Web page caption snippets
----------
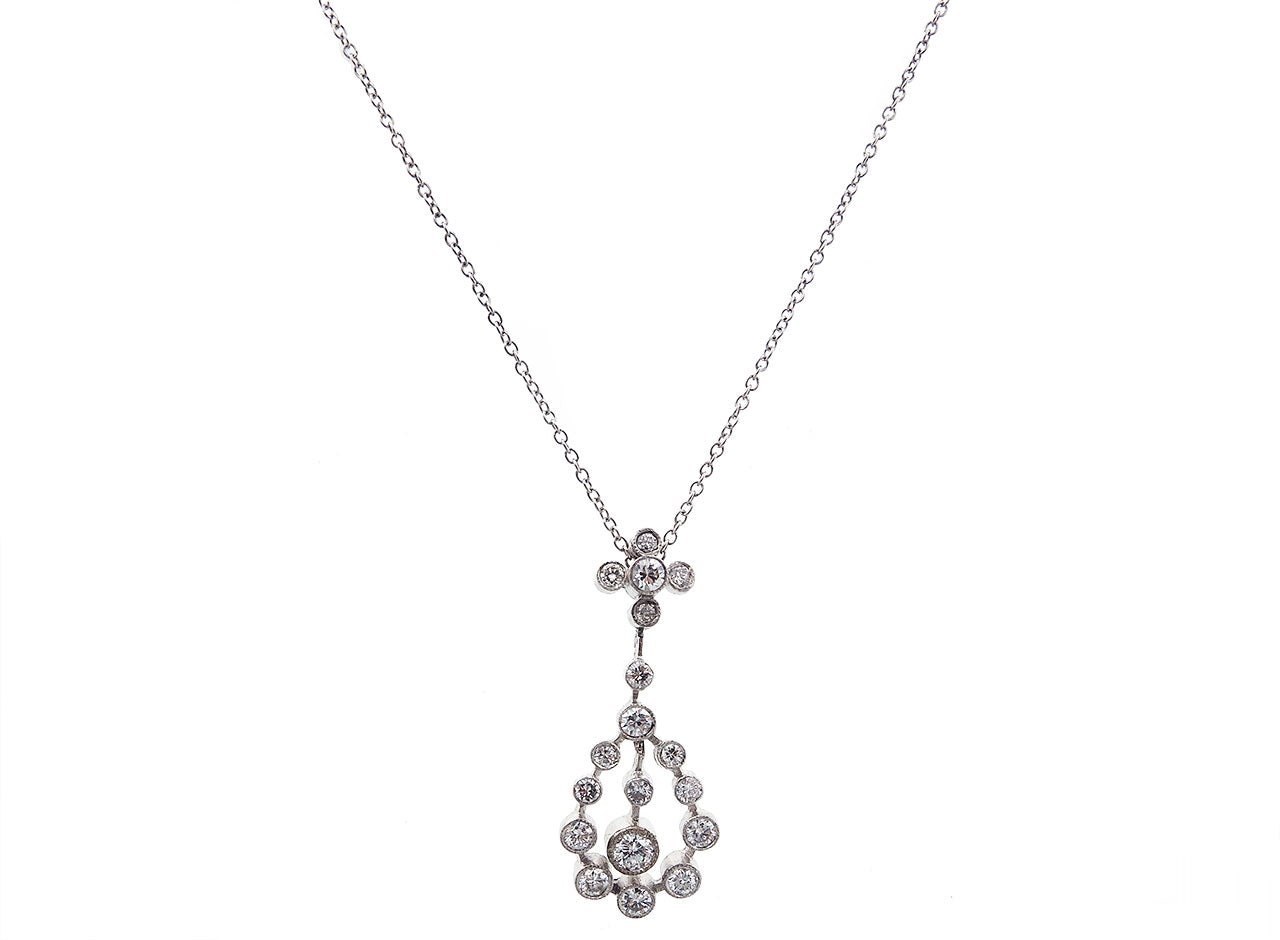 Diamond Pendent Necklace in 18K White Gold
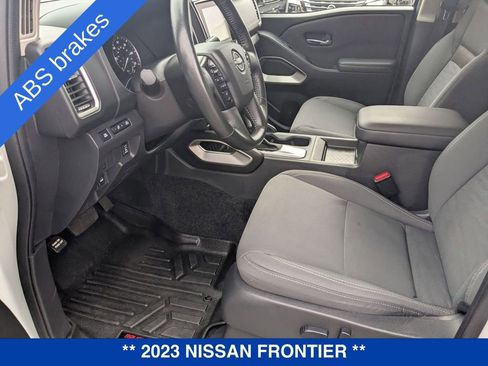 Used 2023 Nissan Frontier SV w/ Technology Package image 17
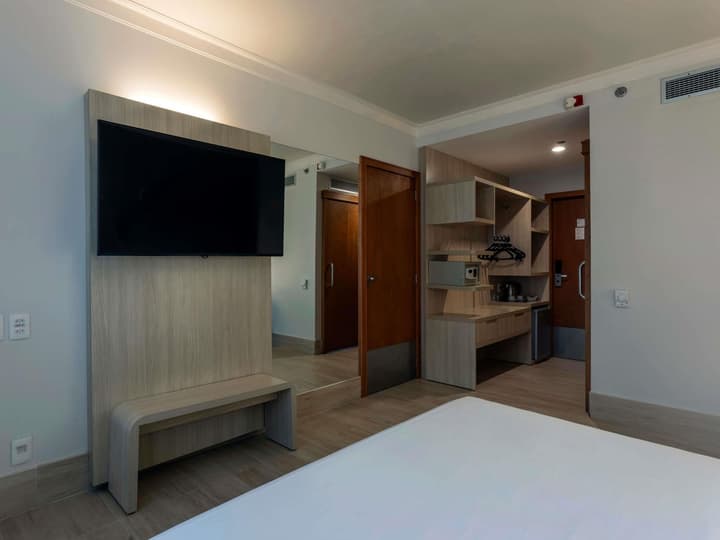 Mercure Salvador Rio Vermelho Hotel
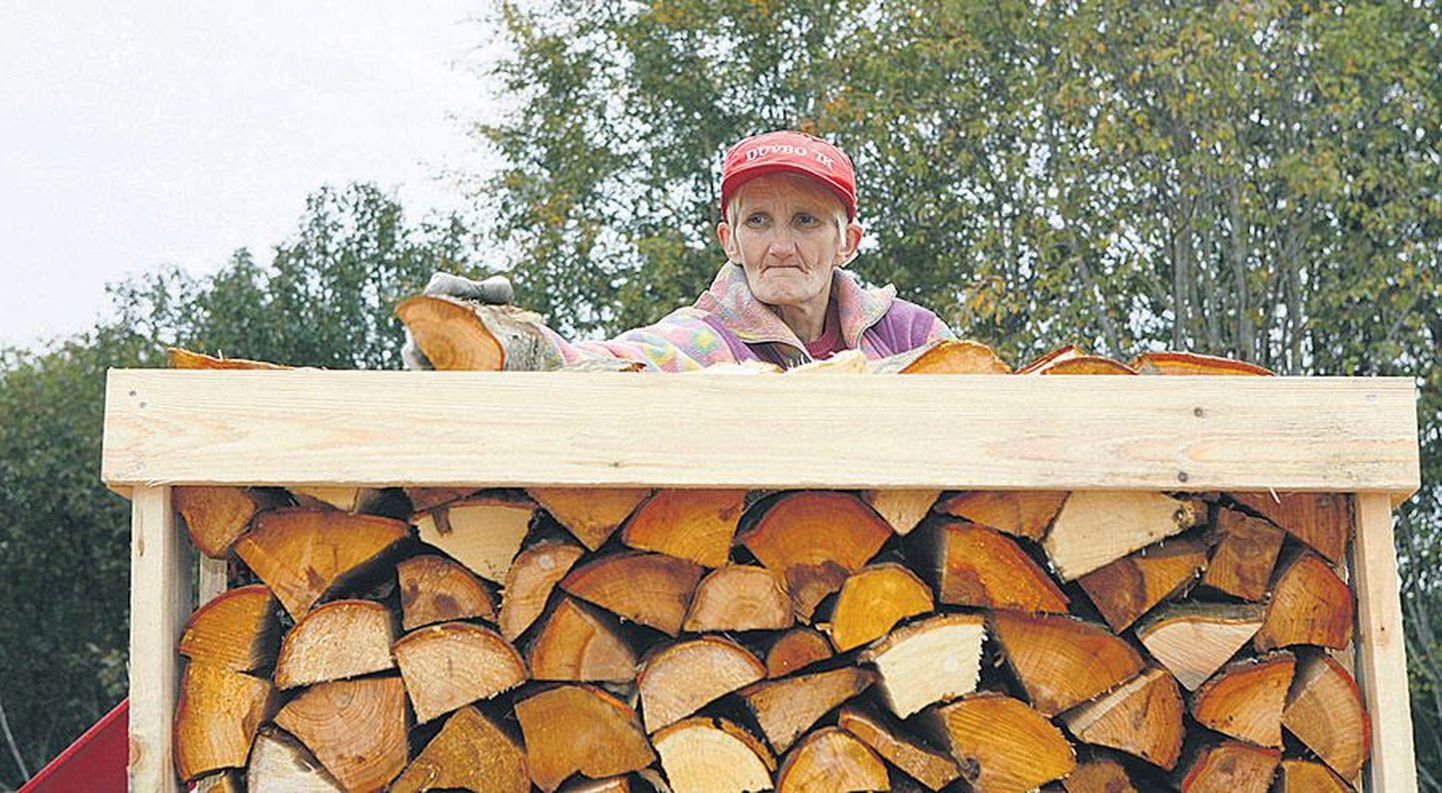 Kesk-Eesti Küttekontori laduja Maia paneb igasse raami puidust sõltuvalt 640—1200 krooni väärtuses halge. Kui puud oleksid kuivad ja võrku pakitud,
maksaksid samad kogused hoopis 1250—1750 krooni.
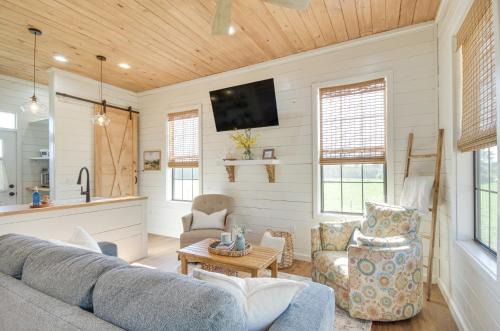 Contrell Cottage On Farm w/Peaceful Views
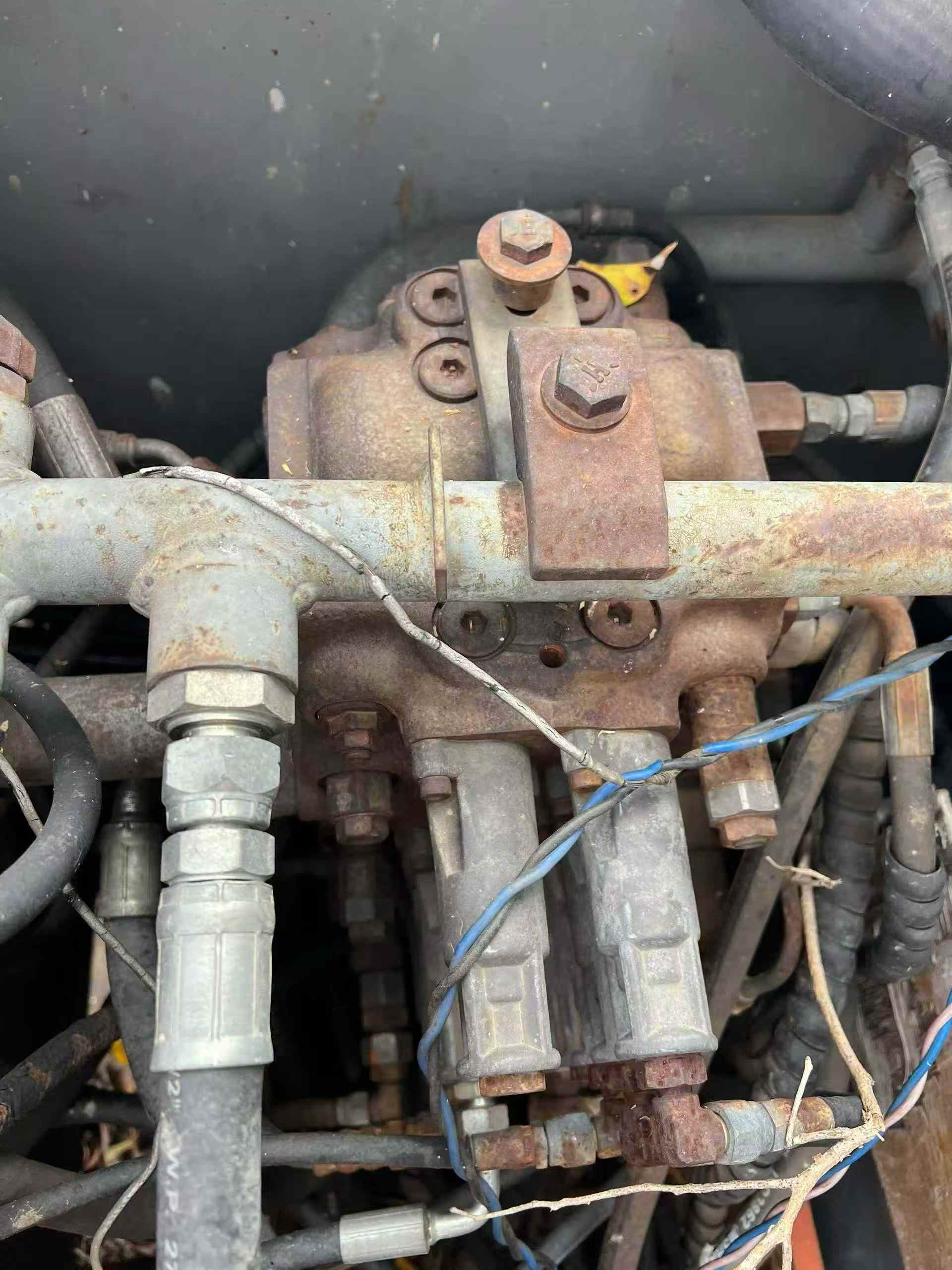 Купить Подержанный Экскаватор Hitachi EX60-6 / 6 Купить Подержанный Экскаватор Hitachi EX60-6 / 6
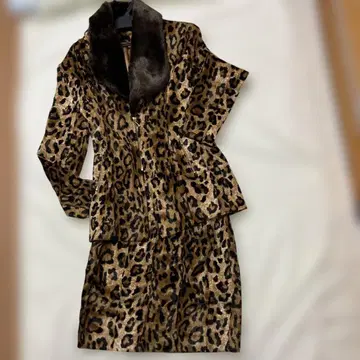 레오파드 무늬 스커트 셋업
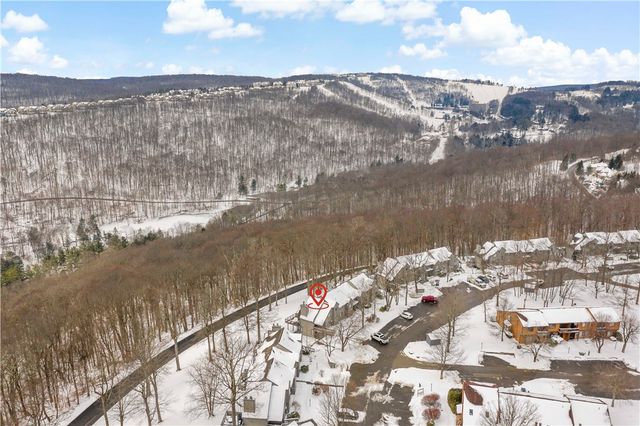 4407 SWISS MOUNTAIN, Seven Springs Resort, PA 15622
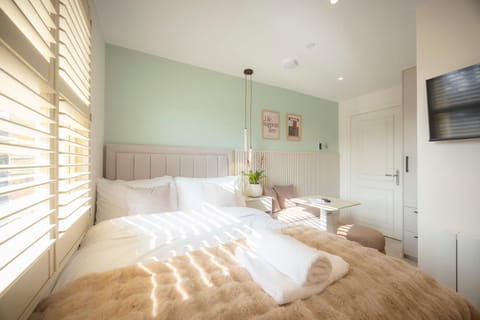 Bed, TV and multimedia, Bedroom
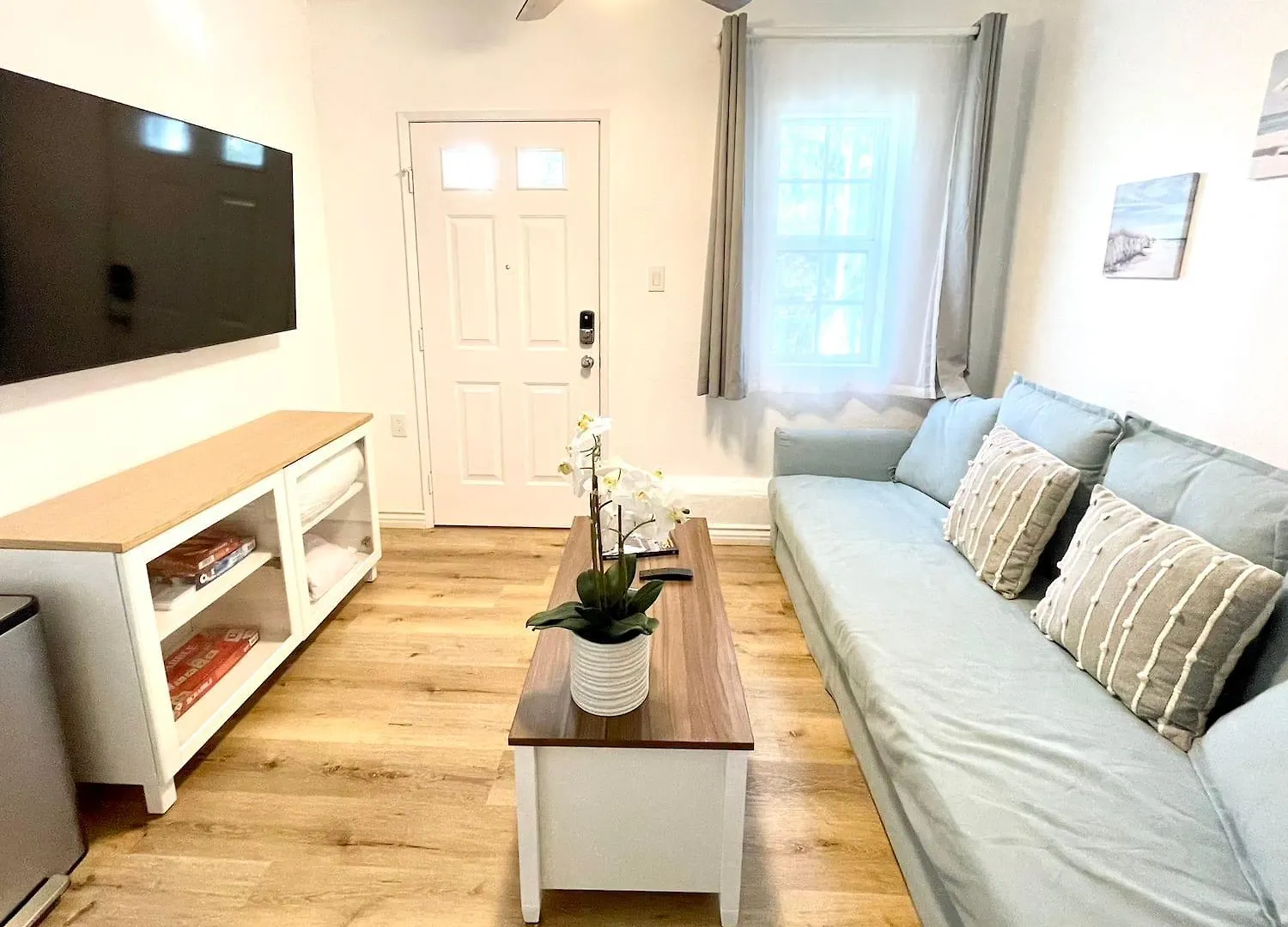 Apartment Hidden Gem With Hot Tub And Parking - 4 Guests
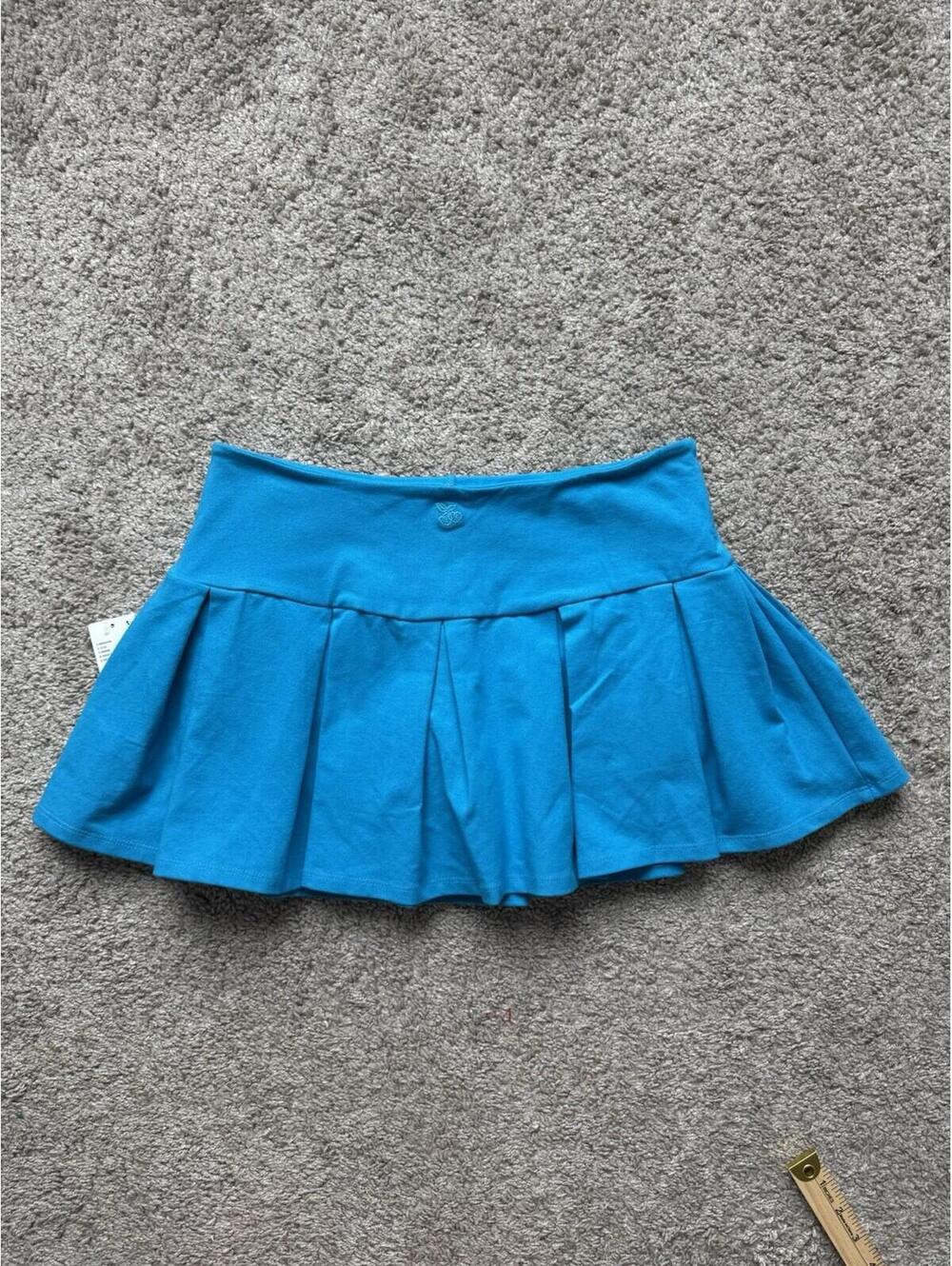 Urban Outfitters NWT Women’s Med Blue Pleated Micro Mini Skort Festival - Picture 7 of 7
----------
Could you reproduce exactly, and only, the lines from the one containing "4407 SWISS MOUNTAIN, Seven" through the end of the records above, both included, while leaving out the pictures?

 4407 SWISS MOUNTAIN, Seven Springs Resort, PA 15622
 Bed, TV and multimedia, Bedroom
 Apartment Hidden Gem With Hot Tub And Parking - 4 Guests
 Urban Outfitters NWT Women’s Med Blue Pleated Micro Mini Skort Festival - Picture 7 of 7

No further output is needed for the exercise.